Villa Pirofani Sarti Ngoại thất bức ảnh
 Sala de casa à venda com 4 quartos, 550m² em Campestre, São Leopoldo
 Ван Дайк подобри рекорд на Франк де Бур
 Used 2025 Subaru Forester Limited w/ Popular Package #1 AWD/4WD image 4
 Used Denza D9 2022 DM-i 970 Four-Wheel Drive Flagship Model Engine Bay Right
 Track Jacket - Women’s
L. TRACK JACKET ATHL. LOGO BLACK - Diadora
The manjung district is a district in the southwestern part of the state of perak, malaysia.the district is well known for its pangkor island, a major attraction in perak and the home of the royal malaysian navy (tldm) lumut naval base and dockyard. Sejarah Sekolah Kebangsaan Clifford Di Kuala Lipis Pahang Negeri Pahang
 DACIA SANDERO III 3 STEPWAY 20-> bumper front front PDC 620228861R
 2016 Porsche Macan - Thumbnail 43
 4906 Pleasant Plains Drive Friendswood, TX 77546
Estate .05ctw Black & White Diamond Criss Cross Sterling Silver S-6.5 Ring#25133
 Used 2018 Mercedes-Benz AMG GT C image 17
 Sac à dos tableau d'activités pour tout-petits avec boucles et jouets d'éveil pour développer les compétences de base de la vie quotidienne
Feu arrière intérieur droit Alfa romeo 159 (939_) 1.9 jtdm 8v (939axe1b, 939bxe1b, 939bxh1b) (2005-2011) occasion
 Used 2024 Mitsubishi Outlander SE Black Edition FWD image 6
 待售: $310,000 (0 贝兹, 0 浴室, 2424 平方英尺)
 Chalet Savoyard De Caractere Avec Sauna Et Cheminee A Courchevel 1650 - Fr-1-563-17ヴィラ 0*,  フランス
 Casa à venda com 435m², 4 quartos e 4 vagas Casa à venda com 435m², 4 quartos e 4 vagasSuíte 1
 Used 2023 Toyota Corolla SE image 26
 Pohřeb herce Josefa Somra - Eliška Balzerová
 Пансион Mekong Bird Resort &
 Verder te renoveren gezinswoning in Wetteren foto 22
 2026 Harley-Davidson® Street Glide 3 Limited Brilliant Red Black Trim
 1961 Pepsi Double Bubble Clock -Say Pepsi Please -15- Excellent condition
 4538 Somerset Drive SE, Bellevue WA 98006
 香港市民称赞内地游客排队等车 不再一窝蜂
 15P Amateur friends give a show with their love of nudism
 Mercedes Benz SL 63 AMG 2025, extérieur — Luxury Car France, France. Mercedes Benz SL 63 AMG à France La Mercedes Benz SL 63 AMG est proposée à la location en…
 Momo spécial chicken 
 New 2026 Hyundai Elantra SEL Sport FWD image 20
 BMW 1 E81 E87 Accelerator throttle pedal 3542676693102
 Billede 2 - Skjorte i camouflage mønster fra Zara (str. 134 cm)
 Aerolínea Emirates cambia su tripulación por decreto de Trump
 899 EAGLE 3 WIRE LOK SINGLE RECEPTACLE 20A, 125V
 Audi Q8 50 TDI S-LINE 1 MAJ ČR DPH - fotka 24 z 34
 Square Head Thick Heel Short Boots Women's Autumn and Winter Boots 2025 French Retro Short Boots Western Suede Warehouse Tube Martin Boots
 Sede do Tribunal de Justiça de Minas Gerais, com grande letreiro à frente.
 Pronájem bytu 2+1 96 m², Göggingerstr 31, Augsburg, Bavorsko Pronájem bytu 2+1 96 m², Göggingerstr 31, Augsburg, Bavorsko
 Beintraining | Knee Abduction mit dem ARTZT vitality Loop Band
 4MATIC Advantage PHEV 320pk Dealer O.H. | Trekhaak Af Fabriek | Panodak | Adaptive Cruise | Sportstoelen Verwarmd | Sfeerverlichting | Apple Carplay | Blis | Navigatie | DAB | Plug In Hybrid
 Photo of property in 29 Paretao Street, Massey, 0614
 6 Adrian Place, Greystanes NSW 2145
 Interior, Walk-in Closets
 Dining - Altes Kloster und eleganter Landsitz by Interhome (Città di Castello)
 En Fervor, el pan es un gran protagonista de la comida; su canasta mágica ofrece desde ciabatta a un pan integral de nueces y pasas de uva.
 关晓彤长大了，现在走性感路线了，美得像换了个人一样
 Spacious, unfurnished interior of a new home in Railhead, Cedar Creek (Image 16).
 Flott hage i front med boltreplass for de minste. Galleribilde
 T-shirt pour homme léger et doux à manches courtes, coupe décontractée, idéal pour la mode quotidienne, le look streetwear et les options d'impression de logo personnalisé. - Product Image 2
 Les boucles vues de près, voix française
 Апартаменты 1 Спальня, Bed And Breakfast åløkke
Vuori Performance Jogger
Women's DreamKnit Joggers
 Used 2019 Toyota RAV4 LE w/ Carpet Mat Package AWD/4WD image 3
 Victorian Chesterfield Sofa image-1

- _WHAT THE TASK ASKS_
Set down the listing above exactly, line for line.

- _FINAL ANSWER_
Villa Pirofani Sarti Ngoại thất bức ảnh
 Sala de casa à venda com 4 quartos, 550m² em Campestre, São Leopoldo
 Ван Дайк подобри рекорд на Франк де Бур
 Used 2025 Subaru Forester Limited w/ Popular Package #1 AWD/4WD image 4
 Used Denza D9 2022 DM-i 970 Four-Wheel Drive Flagship Model Engine Bay Right
 Track Jacket - Women’s
L. TRACK JACKET ATHL. LOGO BLACK - Diadora
The manjung district is a district in the southwestern part of the state of perak, malaysia.the district is well known for its pangkor island, a major attraction in perak and the home of the royal malaysian navy (tldm) lumut naval base and dockyard. Sejarah Sekolah Kebangsaan Clifford Di Kuala Lipis Pahang Negeri Pahang
 DACIA SANDERO III 3 STEPWAY 20-> bumper front front PDC 620228861R
 2016 Porsche Macan - Thumbnail 43
 4906 Pleasant Plains Drive Friendswood, TX 77546
Estate .05ctw Black & White Diamond Criss Cross Sterling Silver S-6.5 Ring#25133
 Used 2018 Mercedes-Benz AMG GT C image 17
 Sac à dos tableau d'activités pour tout-petits avec boucles et jouets d'éveil pour développer les compétences de base de la vie quotidienne
Feu arrière intérieur droit Alfa romeo 159 (939_) 1.9 jtdm 8v (939axe1b, 939bxe1b, 939bxh1b) (2005-2011) occasion
 Used 2024 Mitsubishi Outlander SE Black Edition FWD image 6
 待售: $310,000 (0 贝兹, 0 浴室, 2424 平方英尺)
 Chalet Savoyard De Caractere Avec Sauna Et Cheminee A Courchevel 1650 - Fr-1-563-17ヴィラ 0*,  フランス
 Casa à venda com 435m², 4 quartos e 4 vagas Casa à venda com 435m², 4 quartos e 4 vagasSuíte 1
 Used 2023 Toyota Corolla SE image 26
 Pohřeb herce Josefa Somra - Eliška Balzerová
 Пансион Mekong Bird Resort &
 Verder te renoveren gezinswoning in Wetteren foto 22
 2026 Harley-Davidson® Street Glide 3 Limited Brilliant Red Black Trim
 1961 Pepsi Double Bubble Clock -Say Pepsi Please -15- Excellent condition
 4538 Somerset Drive SE, Bellevue WA 98006
 香港市民称赞内地游客排队等车 不再一窝蜂
 15P Amateur friends give a show with their love of nudism
 Mercedes Benz SL 63 AMG 2025, extérieur — Luxury Car France, France. Mercedes Benz SL 63 AMG à France La Mercedes Benz SL 63 AMG est proposée à la location en…
 Momo spécial chicken 
 New 2026 Hyundai Elantra SEL Sport FWD image 20
 BMW 1 E81 E87 Accelerator throttle pedal 3542676693102
 Billede 2 - Skjorte i camouflage mønster fra Zara (str. 134 cm)
 Aerolínea Emirates cambia su tripulación por decreto de Trump
 899 EAGLE 3 WIRE LOK SINGLE RECEPTACLE 20A, 125V
 Audi Q8 50 TDI S-LINE 1 MAJ ČR DPH - fotka 24 z 34
 Square Head Thick Heel Short Boots Women's Autumn and Winter Boots 2025 French Retro Short Boots Western Suede Warehouse Tube Martin Boots
 Sede do Tribunal de Justiça de Minas Gerais, com grande letreiro à frente.
 Pronájem bytu 2+1 96 m², Göggingerstr 31, Augsburg, Bavorsko Pronájem bytu 2+1 96 m², Göggingerstr 31, Augsburg, Bavorsko
 Beintraining | Knee Abduction mit dem ARTZT vitality Loop Band
 4MATIC Advantage PHEV 320pk Dealer O.H. | Trekhaak Af Fabriek | Panodak | Adaptive Cruise | Sportstoelen Verwarmd | Sfeerverlichting | Apple Carplay | Blis | Navigatie | DAB | Plug In Hybrid
 Photo of property in 29 Paretao Street, Massey, 0614
 6 Adrian Place, Greystanes NSW 2145
 Interior, Walk-in Closets
 Dining - Altes Kloster und eleganter Landsitz by Interhome (Città di Castello)
 En Fervor, el pan es un gran protagonista de la comida; su canasta mágica ofrece desde ciabatta a un pan integral de nueces y pasas de uva.
 关晓彤长大了，现在走性感路线了，美得像换了个人一样
 Spacious, unfurnished interior of a new home in Railhead, Cedar Creek (Image 16).
 Flott hage i front med boltreplass for de minste. Galleribilde
 T-shirt pour homme léger et doux à manches courtes, coupe décontractée, idéal pour la mode quotidienne, le look streetwear et les options d'impression de logo personnalisé. - Product Image 2
 Les boucles vues de près, voix française
 Апартаменты 1 Спальня, Bed And Breakfast åløkke
Vuori Performance Jogger
Women's DreamKnit Joggers
 Used 2019 Toyota RAV4 LE w/ Carpet Mat Package AWD/4WD image 3
 Victorian Chesterfield Sofa image-1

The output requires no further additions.